§ **BRIEF**
Would you please transcribe the entire listing exactly?
--------------------
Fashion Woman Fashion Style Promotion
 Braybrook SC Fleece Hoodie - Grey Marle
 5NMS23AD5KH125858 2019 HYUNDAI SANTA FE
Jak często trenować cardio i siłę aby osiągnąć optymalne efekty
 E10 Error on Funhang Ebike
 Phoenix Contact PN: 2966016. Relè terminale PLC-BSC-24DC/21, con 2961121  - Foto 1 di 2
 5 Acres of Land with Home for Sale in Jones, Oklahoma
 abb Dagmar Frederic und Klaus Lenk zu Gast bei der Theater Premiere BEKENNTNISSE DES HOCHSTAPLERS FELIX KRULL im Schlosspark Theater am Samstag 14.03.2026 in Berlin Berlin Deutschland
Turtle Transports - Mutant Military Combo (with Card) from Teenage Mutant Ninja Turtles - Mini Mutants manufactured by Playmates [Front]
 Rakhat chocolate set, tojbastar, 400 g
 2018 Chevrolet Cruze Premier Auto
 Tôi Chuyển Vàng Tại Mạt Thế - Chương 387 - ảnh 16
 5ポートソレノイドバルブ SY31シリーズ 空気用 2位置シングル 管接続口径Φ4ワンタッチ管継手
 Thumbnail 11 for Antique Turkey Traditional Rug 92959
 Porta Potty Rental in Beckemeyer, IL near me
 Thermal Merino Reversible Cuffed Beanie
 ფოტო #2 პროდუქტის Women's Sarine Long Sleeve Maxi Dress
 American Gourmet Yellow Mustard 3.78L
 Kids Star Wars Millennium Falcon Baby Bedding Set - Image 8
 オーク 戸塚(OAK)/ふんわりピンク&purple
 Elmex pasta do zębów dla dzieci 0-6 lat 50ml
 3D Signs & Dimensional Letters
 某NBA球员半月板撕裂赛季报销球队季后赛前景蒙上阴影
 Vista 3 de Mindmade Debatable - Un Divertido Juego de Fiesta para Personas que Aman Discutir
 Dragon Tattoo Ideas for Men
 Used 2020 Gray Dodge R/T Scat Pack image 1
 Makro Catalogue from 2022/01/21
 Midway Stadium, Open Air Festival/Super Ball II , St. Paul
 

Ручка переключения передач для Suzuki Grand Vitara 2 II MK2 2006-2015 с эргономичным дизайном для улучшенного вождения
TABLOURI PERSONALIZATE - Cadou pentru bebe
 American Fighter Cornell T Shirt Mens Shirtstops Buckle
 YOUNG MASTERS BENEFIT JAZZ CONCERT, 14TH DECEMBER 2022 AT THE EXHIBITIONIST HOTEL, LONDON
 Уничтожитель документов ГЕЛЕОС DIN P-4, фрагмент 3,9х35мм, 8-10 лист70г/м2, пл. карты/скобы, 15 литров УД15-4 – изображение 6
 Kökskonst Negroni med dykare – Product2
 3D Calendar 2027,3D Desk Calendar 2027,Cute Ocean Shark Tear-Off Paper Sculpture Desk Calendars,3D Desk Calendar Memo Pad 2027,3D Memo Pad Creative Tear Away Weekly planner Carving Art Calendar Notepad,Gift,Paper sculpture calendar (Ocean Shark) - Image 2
--------------------
§ **ANSWER BELOW**
Fashion Woman Fashion Style Promotion
 Braybrook SC Fleece Hoodie - Grey Marle
 5NMS23AD5KH125858 2019 HYUNDAI SANTA FE
Jak często trenować cardio i siłę aby osiągnąć optymalne efekty
 E10 Error on Funhang Ebike
 Phoenix Contact PN: 2966016. Relè terminale PLC-BSC-24DC/21, con 2961121  - Foto 1 di 2
 5 Acres of Land with Home for Sale in Jones, Oklahoma
 abb Dagmar Frederic und Klaus Lenk zu Gast bei der Theater Premiere BEKENNTNISSE DES HOCHSTAPLERS FELIX KRULL im Schlosspark Theater am Samstag 14.03.2026 in Berlin Berlin Deutschland
Turtle Transports - Mutant Military Combo (with Card) from Teenage Mutant Ninja Turtles - Mini Mutants manufactured by Playmates [Front]
 Rakhat chocolate set, tojbastar, 400 g
 2018 Chevrolet Cruze Premier Auto
 Tôi Chuyển Vàng Tại Mạt Thế - Chương 387 - ảnh 16
 5ポートソレノイドバルブ SY31シリーズ 空気用 2位置シングル 管接続口径Φ4ワンタッチ管継手
 Thumbnail 11 for Antique Turkey Traditional Rug 92959
 Porta Potty Rental in Beckemeyer, IL near me
 Thermal Merino Reversible Cuffed Beanie
 ფოტო #2 პროდუქტის Women's Sarine Long Sleeve Maxi Dress
 American Gourmet Yellow Mustard 3.78L
 Kids Star Wars Millennium Falcon Baby Bedding Set - Image 8
 オーク 戸塚(OAK)/ふんわりピンク&purple
 Elmex pasta do zębów dla dzieci 0-6 lat 50ml
 3D Signs & Dimensional Letters
 某NBA球员半月板撕裂赛季报销球队季后赛前景蒙上阴影
 Vista 3 de Mindmade Debatable - Un Divertido Juego de Fiesta para Personas que Aman Discutir
 Dragon Tattoo Ideas for Men
 Used 2020 Gray Dodge R/T Scat Pack image 1
 Makro Catalogue from 2022/01/21
 Midway Stadium, Open Air Festival/Super Ball II , St. Paul
 

Ручка переключения передач для Suzuki Grand Vitara 2 II MK2 2006-2015 с эргономичным дизайном для улучшенного вождения
TABLOURI PERSONALIZATE - Cadou pentru bebe
 American Fighter Cornell T Shirt Mens Shirtstops Buckle
 YOUNG MASTERS BENEFIT JAZZ CONCERT, 14TH DECEMBER 2022 AT THE EXHIBITIONIST HOTEL, LONDON
 Уничтожитель документов ГЕЛЕОС DIN P-4, фрагмент 3,9х35мм, 8-10 лист70г/м2, пл. карты/скобы, 15 литров УД15-4 – изображение 6
 Kökskonst Negroni med dykare – Product2
 3D Calendar 2027,3D Desk Calendar 2027,Cute Ocean Shark Tear-Off Paper Sculpture Desk Calendars,3D Desk Calendar Memo Pad 2027,3D Memo Pad Creative Tear Away Weekly planner Carving Art Calendar Notepad,Gift,Paper sculpture calendar (Ocean Shark) - Image 2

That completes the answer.